しかし最近の考えでは、農耕への移行によって格差が生まれ、むしろ人々の生活はより過酷になったと考えられています。

小麦は非常に手がかかった。岩や石を嫌うので、サピエンスは汗水垂らして畑からそれらを取り除いた。小麦は場所や水や養分を他の植物と分かち合うのを嫌ったので、人々は焼けつく日差しの下、来る日も来る日も延々と草取りに勤しんだ。・・・(中略)・・・
私たちが小麦を栽培化したのではなく、小麦が私たちを家畜化したのだ。

農耕牧畜の生活様式に変化することにより、人類全体の人口は大幅に増加しましたが、個々の人々の生活には何の恩恵ももたらさなかったのです。

なぜそんな生活様式が一気に世界中で浸透したのか。

それは進化論の考え方が根底にあります。

人類を含め、生物の究極の目標は自分たちの遺伝子のコピーをできるだけ多く残すことです。
そこには個々の人々が幸せに生活できるかは関係なく、種全体としてより多くの遺伝子を残せれば「成功」なのです。

そのため、多くの農作業に生活が過酷になったとしても、より多くの食糧を確保できる農耕牧畜社会へと移行していったのです。

この指摘は読んでいて非常に興味深かったです。
農耕牧畜社会により、人類全体の総量(複製された遺伝子の数)は増加したものの、個々の人々の生活は楽になるどころか、むしろ過酷なものとなった。
そして、この図式は、現代の働き方をめぐる議論でも同じようなことがいえるのではないでしょうか。

「農耕牧畜社会」の働き方をずっと続けていくのか

「農耕牧畜社会」は、現代の社会でいう勤め人(サラリーマン)の生活に近いのではないでしょうか。
ある組織(企業)に所属してその組織のもとで働き、給料という「食糧」を毎月安定的に確保する。

対してフリーランスなどは「狩猟採集社会」の生活に近いと思います。

「農耕牧畜社会」が人口を増加させ、より多くの遺伝子を残しただけで、個々の生活満足度を向上させなかったように、
現代の企業がどれだけ技術が進化して効率的になっても、それによって増加するのは従業員の給料や余暇を楽しむ時間ではなく、企業の帳簿上の利益に過ぎないのではないでしょうか。

進化の通貨は飢えでも痛みでもなく、DNAの二重螺旋の複製だ。

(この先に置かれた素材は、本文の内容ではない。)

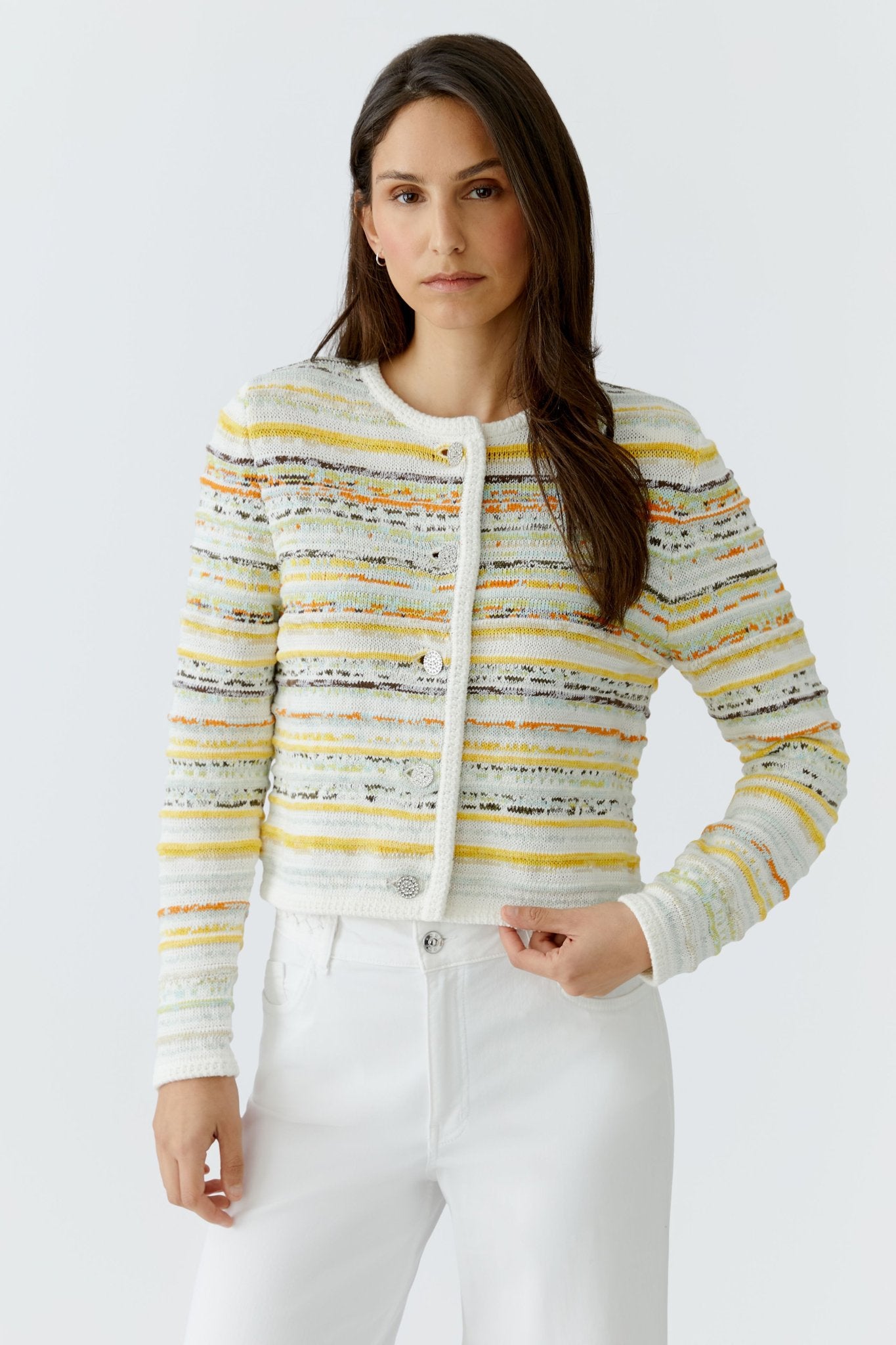 Strickjacke in Multicolor-Jacquard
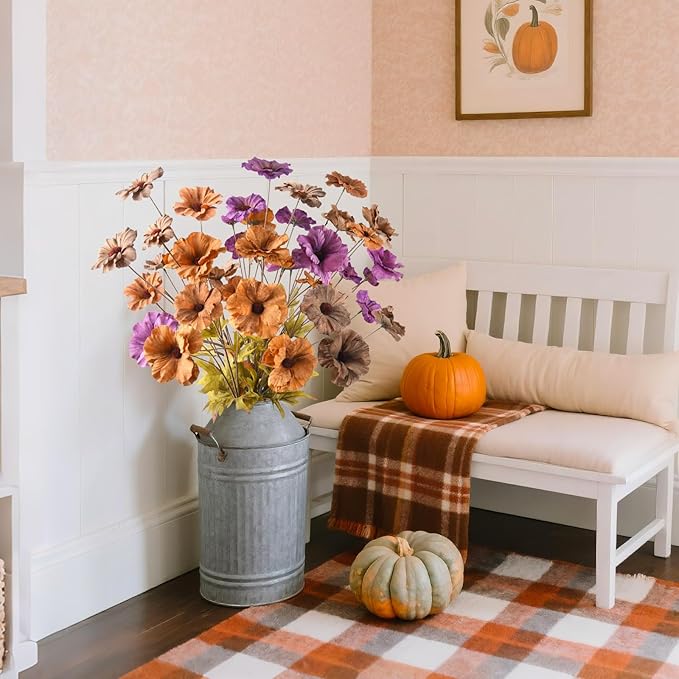 6PCS Artificial Fall Flowers Realistic Fake Flowers Bouquet Faux Autumn Flowers Arrangements for Centerpieces Table Decor Home Office Wedding Decorations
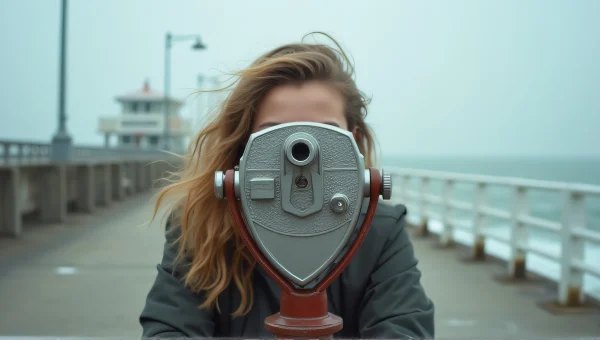 Young Woman Using Binoculars At Seaside Pier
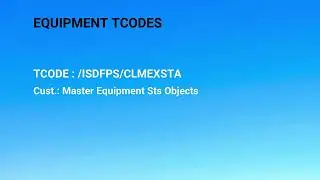 SAP PM Equipment  Tcodes list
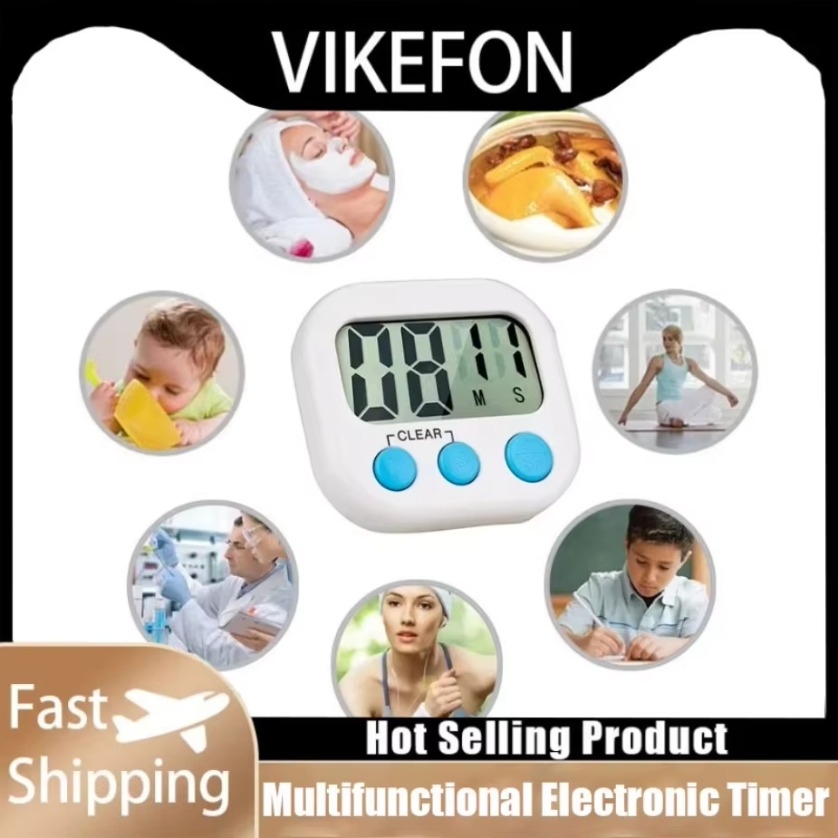 Timer elettronico multifunzionale magnetico Timer digitale Display LCD Cucina Cottura Conto alla rovescia Dormitorio Promemoria di apprendimento Regalo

企業の経済的成功は、従業員の幸福度ではなく銀行預金の金額によってのみ測られるのとちょうど同じで、一つの種の進化上の成功は、DNAの複製の数によって測られる。

本書を読んでいて、なぜこれだけIT技術が進化しているのに、働く時間は減らず、過酷な労働で死者まで出てしまうのか、その理由が少しわかった気がしました。

僕は狩猟採集民として生きていくことを選んだ

2018年7月、僕は約5年間勤めていた会社を退職し、小林公認会計士事務所を独立開業しました。

そのまま勤めていればある程度将来の給料は予想できるので、生活も安定するでしょう。

独立をすれば、会社に行けば何かしらの仕事があるような状況ではなくなります。

来年の収入はゼロかもしれません。

それでも僕は独立を決意し、仕事を自分から獲りに行かざるをえない「狩猟採集型」の生き方を選ぶことにしました。

この選択が後悔にならないように、これから頑張っていきたいと思います。

「サピエンス全史」を読んで、改めて独立会計士として生きていく決意を固めました。

今日は日曜日ですが、7月1日の開業初日ということで、決意めいた内容を文章にまとめました。

でも自分の考えを文章にするのって難しいですね。。。